如果真如信上所说,当时只有婴儿谢行和那把剑,那他师父怎么会这么巧给谢行取了这个名字,还知道“不辞”?
难道是信里没说清楚,当时留有字条什么的?
还是说,燕凌云就是……
“燕凌云不会是你爹吧!”不知道情况也不耽误望舒霖瞎猜。
“你瞎说什么!”江怡也是服了他的脑洞了,比江怡自己猜的还离谱,她最多觉得燕凌云可能是谢行那个师父而已。
正好可以和燕凌云的神秘对上,但谢行对他完全没有任何印象这一点又有些可疑。毕竟谢行都还记得自己的名字,不应该对朝夕相处的师父没有半点记忆。
总之一切尚未确定,都是他们的凭空猜测。
“也是。”望舒霖回过神来自己也觉得离谱,“按年纪来说是不太可能,而且你俩……”
望舒霖仔细打量着谢行的脸,“长得完全不像啊!”
的确,谢行长相偏俊秀,光看脸可能会幻视成女子。但燕凌云却是那种一眼可见的、相当有攻击力的帅。两人长相完全不是一个风格。
谢行一直没说话,也没有回答江怡刚才的问题。只一直低头看着自己的剑,时不时轻轻拂过,乍一看有点精神恍惚。
难得看到谢行有些脆弱的一面,江怡和望舒霖也不好再问什么。
江怡的眼刀砍向望舒霖:都怪你瞎说!
望舒霖撇了撇嘴,心里默默吐槽:又是我的错了。
话题最终以谢行的沉默结尾,关于燕凌云,三人没有讨论出什么,但他和谢行身世的关系性是毋庸置疑的。

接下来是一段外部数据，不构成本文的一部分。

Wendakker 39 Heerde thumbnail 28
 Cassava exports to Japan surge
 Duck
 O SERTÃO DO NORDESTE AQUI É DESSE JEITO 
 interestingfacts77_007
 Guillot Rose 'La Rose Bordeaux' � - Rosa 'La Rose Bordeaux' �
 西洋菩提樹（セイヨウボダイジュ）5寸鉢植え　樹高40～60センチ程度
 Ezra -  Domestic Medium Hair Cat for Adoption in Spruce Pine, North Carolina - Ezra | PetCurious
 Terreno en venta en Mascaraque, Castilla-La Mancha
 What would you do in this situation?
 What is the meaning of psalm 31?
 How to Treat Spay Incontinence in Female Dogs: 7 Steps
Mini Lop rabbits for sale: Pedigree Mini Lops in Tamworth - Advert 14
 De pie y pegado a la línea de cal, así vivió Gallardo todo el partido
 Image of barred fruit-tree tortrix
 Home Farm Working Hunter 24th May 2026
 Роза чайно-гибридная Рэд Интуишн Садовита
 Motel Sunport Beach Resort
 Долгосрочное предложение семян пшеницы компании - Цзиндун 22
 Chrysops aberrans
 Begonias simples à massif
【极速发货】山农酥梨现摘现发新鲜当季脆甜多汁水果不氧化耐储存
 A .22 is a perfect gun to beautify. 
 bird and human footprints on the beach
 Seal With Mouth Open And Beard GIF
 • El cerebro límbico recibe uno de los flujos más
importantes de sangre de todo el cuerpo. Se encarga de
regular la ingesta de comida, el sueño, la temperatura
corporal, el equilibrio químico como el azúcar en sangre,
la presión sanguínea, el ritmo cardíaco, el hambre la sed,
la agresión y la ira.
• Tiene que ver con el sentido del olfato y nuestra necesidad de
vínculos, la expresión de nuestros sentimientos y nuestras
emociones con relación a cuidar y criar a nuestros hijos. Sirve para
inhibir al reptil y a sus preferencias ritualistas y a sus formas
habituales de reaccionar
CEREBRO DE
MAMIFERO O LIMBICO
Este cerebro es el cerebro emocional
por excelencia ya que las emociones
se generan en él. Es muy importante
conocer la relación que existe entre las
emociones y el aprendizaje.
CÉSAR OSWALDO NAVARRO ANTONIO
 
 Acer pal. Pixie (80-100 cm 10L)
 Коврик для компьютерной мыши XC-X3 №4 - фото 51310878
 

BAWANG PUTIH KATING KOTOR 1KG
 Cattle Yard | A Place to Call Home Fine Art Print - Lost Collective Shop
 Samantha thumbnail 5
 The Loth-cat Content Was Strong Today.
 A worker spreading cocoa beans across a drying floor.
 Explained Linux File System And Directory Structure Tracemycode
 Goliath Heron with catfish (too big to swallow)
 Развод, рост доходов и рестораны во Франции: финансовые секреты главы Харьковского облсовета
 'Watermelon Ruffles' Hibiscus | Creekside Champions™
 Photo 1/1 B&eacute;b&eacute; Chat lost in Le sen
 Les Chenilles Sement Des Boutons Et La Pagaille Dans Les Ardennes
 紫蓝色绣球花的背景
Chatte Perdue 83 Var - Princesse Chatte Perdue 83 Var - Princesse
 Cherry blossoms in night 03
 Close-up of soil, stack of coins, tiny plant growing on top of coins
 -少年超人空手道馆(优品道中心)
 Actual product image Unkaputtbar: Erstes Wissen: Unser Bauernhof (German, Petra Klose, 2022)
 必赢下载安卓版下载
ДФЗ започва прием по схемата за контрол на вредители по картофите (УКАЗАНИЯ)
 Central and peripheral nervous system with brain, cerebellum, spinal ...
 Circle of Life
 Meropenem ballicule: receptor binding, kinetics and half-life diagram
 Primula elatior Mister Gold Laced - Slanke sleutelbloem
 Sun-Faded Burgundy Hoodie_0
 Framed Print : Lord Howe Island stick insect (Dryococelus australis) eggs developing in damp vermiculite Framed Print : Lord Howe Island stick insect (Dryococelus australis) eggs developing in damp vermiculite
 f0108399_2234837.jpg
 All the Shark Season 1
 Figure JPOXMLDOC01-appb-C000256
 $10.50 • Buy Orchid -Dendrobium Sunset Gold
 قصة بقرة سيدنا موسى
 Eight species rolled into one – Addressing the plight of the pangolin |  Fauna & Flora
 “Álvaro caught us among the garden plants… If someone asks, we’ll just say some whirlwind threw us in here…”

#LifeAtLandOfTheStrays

夜晚,江怡依旧在思索着,为突然换主人的金帖、为燕凌云的话,也为谢行。
翻来覆去地睡也睡不着,江怡给自己折腾累了,起来给自己倒了杯茶。
窗外,月光分外明亮,照得一些阴私诡物现出原形。
寂静的深夜只偶然响起一两声虫鸣,两道纠缠扭曲的黑影映照在江怡房间的窗子上。
“走吧,和我一起……”
“……”
“我们是不是……”
“……”
似真似幻的声音随着黑影的扭曲不断变化语调和声线,在这寂静的夜里略显嘈杂。
“哗——”
江怡受不了了一把推开窗户。
“你俩干嘛呢?”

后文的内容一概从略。